One of the most contentious issues in the United States in the turn of the new millennium is the problem of the undocumented immigrants. Indeed, it has become an issue of national concern especially, in the last decade. It has on many occasions, sparked heated arguments about the impacts of the undocumented population on the economy of the country. According to Becerra, Androff, Ayon and Castillo (111) studies conducted around 2010 estimates that almost a third of the entire American population is made up of undocumented immigrants. The general perception is that such developments are not in the best interest of the nation. These debates rage on despite recent reports that indicate a substantial decrease in the influx rates in the last couple of years. On the contrary, the immigrant community plays a pivotal role in the U.S both socially and economically.
Ordinarily, most people who are against immigration argue that they – the immigrants – are a financial liability to the government of the United States (Becerra, Androff, Ayon and Castillo 111). The problem with this school of argument is that it does not provide reasonable support for its allegation. To the rational thinker, there may be an array of factors at play. For one, it could be out of sheer ignorance that one holds such opinions. Secondly, it could be due to most people’s unfounded hatred towards the immigrant community. Thirdly it could be the different response to the stiff competition for employment opportunities that the immigrants present in a unique fashion. According to the authors, such sentiments have led to the imposition of radical and exorbitant policies most of which come off as inhumane.
Additionally, this issue has featured importantly in the current presidential campaigns. Notably, the Republicans have been quite vocal about the dangers that the undocumented population poses to the economy of the U.S (Davis). Given its position as well as its economic aptitudes, the U.S is bound to attract relatively many immigrants. In my opinion, this is a blessing in disguise. The pros and cons of immigration to the U.S economy are incomparable. That is, I think the advantages would override the disadvantages. Outwardly, it seems to be an unfair deal; that the American government provides while the immigrants benefit. However, a closer look at the issue offers a different perspective. In reality, The U.S government stands to benefit a great deal from the additional labor provided by the immigrants.
The state of Arizona, for instance, is currently feeling the full effects of the loss of the immigrant labor (Davis). This happens now that the state has passed stringent anti-immigration legislations. Plantation owners lament the lack of laborers to help with field work. Consequently, they are compelled to respond to the crisis by developing million dollar machines to replace the lost human labor. The Arizona case is a perfect example of what would happen to the economy if the immigrants are made to leave. Personally, I believe the immigrants’ contribution to the economy is immense. Further pursuit of the anti-immigrant campaign would significantly diminish the current economic growth rates.

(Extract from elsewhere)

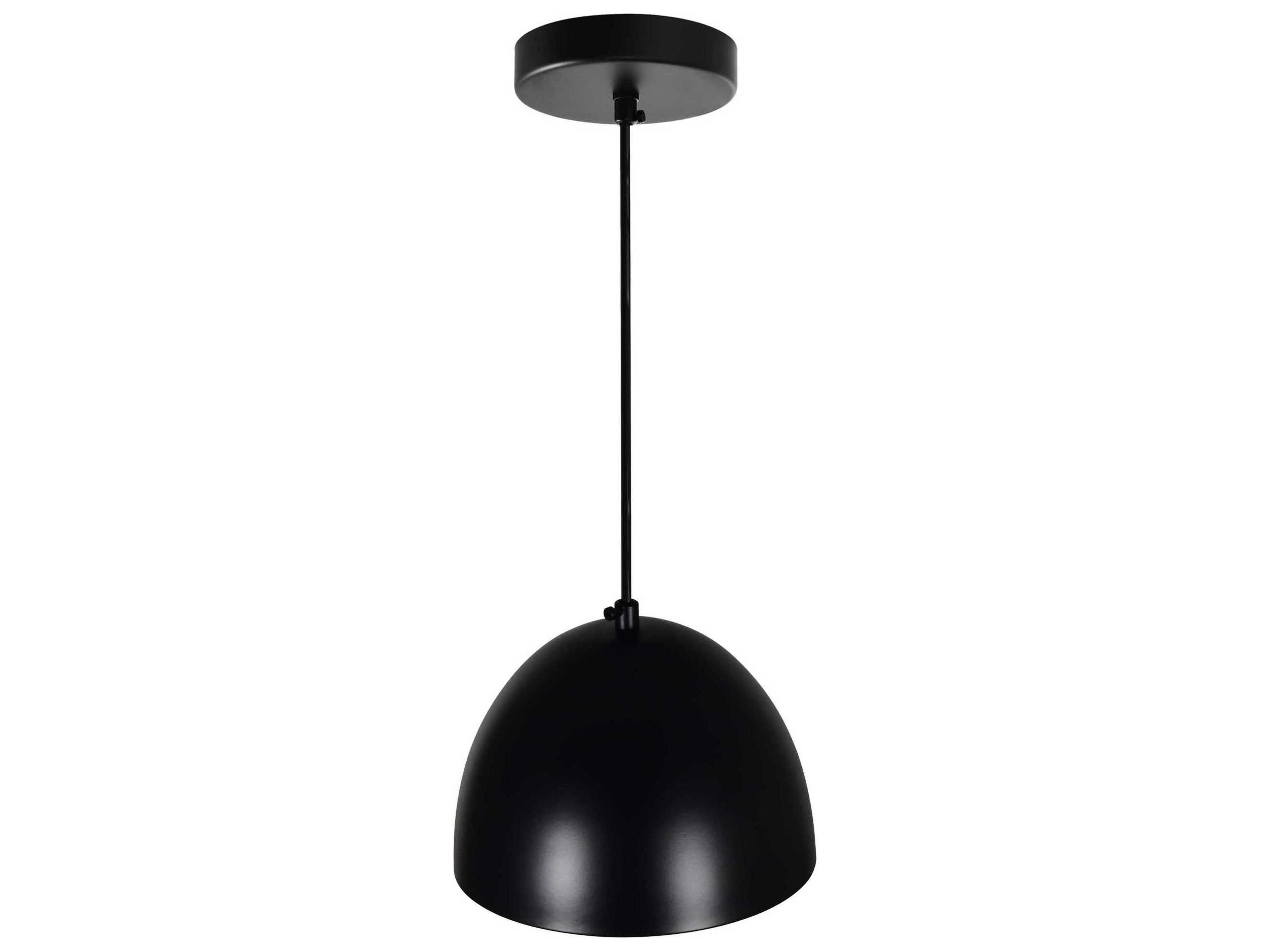 CWI Lighting Modest 1-Light Black Dome Mini Pendant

According to the Greater Austin Chamber of Commerce, the Hispanics are capable of transforming the American society’s outlook. It predicts that this feat may be achievable within the next four decades. This hypothesis hinges on the fact that the Hispanics population in America grows at an alarming rate. The Hispanic purchasing power was predicted to reach 1.5 million dollars by the year 2015 (Gallegos).The other ethnic groups may not be able to compete. This translates to an improve Latino market base. Naturally, the Latino are aggressive people. They practically fight for their space in the society and are currently a force to reckon within the American society. This fact has been brought to light by the controversial views the controversial views one presidential candidate has aired in the existing campaigns (Berger). Thus I can conclude that the Hispanic market does exist and that it has the purchasing power.
It is only a matter time before the Latino gets to assume their real position in the American society. Currently, the Hispanics are underrepresented politically. Studies show that about 25 million eligible Latino voters are not registered (Baumann). Considering their increasing purchasing power which is directly proportionate to their pulsating growth rate they might as well begin pushing for political recognition. Ideally, politics has more to do with financial muscle as well as power. Evidently, the immigrants have these requirements or at least will have them shortly. Surely the future looks promising for them. According to Olson, Hispanics make up only 4% of all appointments made for company board positions. This is not a real figure by all standards. The author blames these inconsequential numbers to the deficiency in operational or fiscal experience which is the same as purchasing power. Hence, I believe, the little number of Latinos in the board room is due to their little purchasing power.
It is evident that the immigrant factor could be just what the American economy needs to recover fully from the ravages of the recent recession. Attempts at reducing their ever growing numbers have further confirmed their importance. As their number increases so does other factors such as their purchasing power and political participation. The most logical solution for the government is to recognize their efforts and plan their proper integration into the American community so as to avoid conflict.